The Downtown Business Improvement District was approved Monday by an almost three-to-one margin, and will continue for another five years.
The BID includes the State Street business corridor and the area around Capitol Square. Property owners are assessed an extra tax based on how much commercial frontage they own - residential properties are exempt. The tax brings in about $250,000 a year and is used to pay for landscaping, Christmas lights, the downtown visitor's map, marketing, advocacy and the salaries of downtown ambassadors.
The Downtown Business Improvement District was formed in 1999, and members must vote every five years to decide whether it will continue to exist. The votes are similarly weighed by how much frontage each property has. The yes voters carried the day with their 10,653.86 feet of lineal property frontage to the no voters' 3,781.94.
Of the 220 voting parcels, 162 cast votes, says Mary Carbine, BID executive director. The ballots were counted in the City Clerk's office in about two hours.
"I felt we had really done our best to provide value for the district. So I was really glad to see that affirmed," Carbine says. "I didn't go into it with expectations one way or the other.
"We appreciate the commitment of everyone in the district," she says, "and are very pleased at the high level of participation in this vote."

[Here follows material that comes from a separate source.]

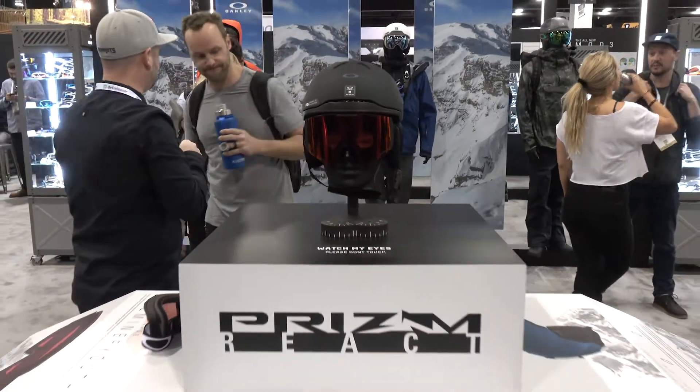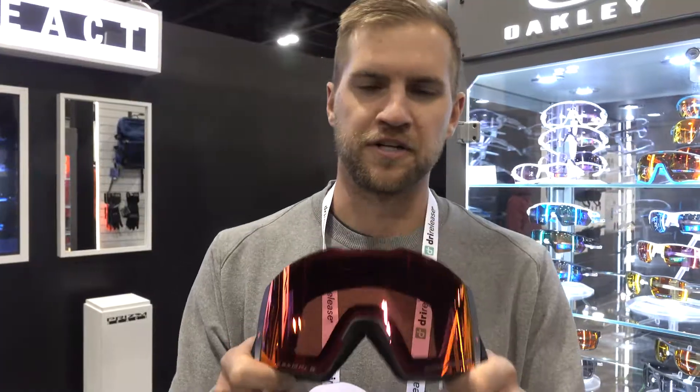How's it going? I'm Nico. We're here at the Oakley booth and I'm going to present the new Prism React goggle. It's an electrochromic lens, so we can actually filter through three different light transmissions from 40% down to 10% depending on the environment.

Some property owners had campaigned against the BID this year, but their efforts had little effect. The BID was approved by an even larger margin than it was in 2004 -- about 74% this year to about 60% in '04.
Harold Langhammer, who owns several properties in the BID, has objected to the way the tax is assessed. Langhammer has advocated for the tax to be based on each property's assessed value.
Carbine says a special committee will be formed to look at this issue.